# [EXERCISE AIM]
Write out exactly, excluding pictures, the lines from the one containing "Campeonato Argentino de Vela en Altura" through the end of the data, both included.

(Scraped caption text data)
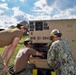 Seabees Conduct Power Distribution Training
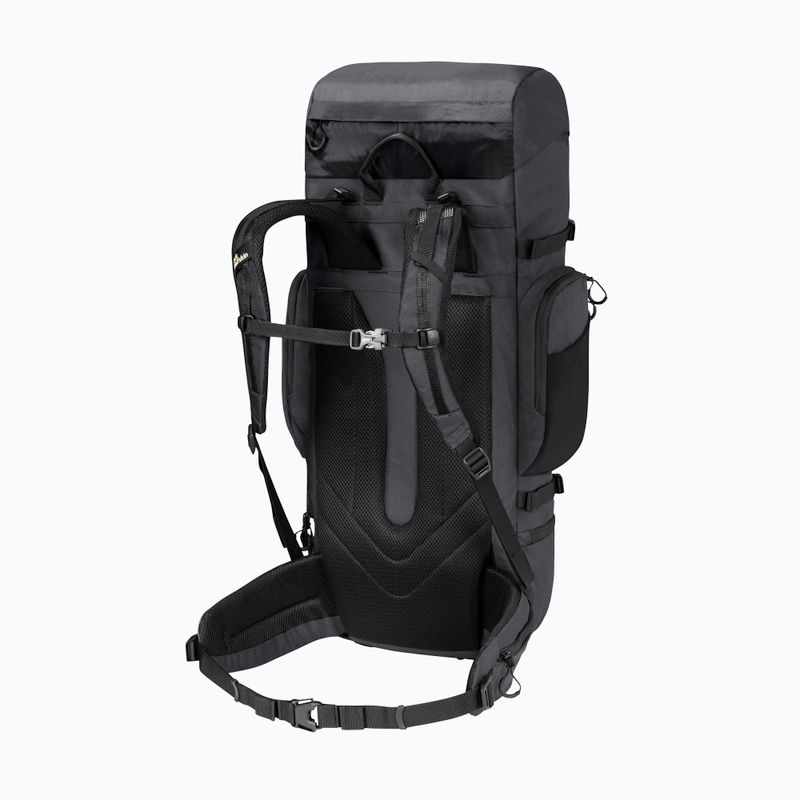 Žygio kuprinė Jack Wolfskin Wanderthirst 45 l phantom 2
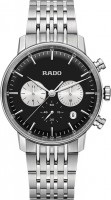 Фото - Наручний годинник RADO Coupole Classic R22910153 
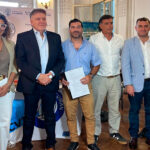 Campeonato Argentino de Vela en Altura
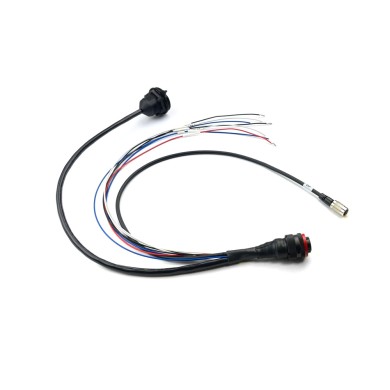 Cable Standard / Ethernet link Module Smartycam AIM Auto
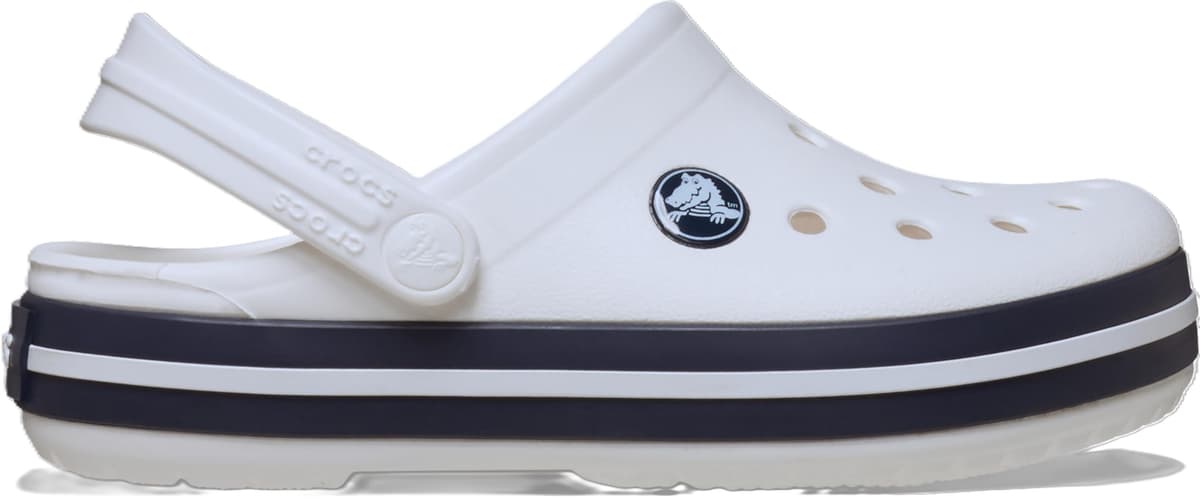 Crocs Unisex Kids Crocband Clog KClog — view 5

# [ANSWER TO THIS EXERCISE]
 Campeonato Argentino de Vela en Altura
 Cable Standard / Ethernet link Module Smartycam AIM Auto
 Crocs Unisex Kids Crocband Clog KClog — view 5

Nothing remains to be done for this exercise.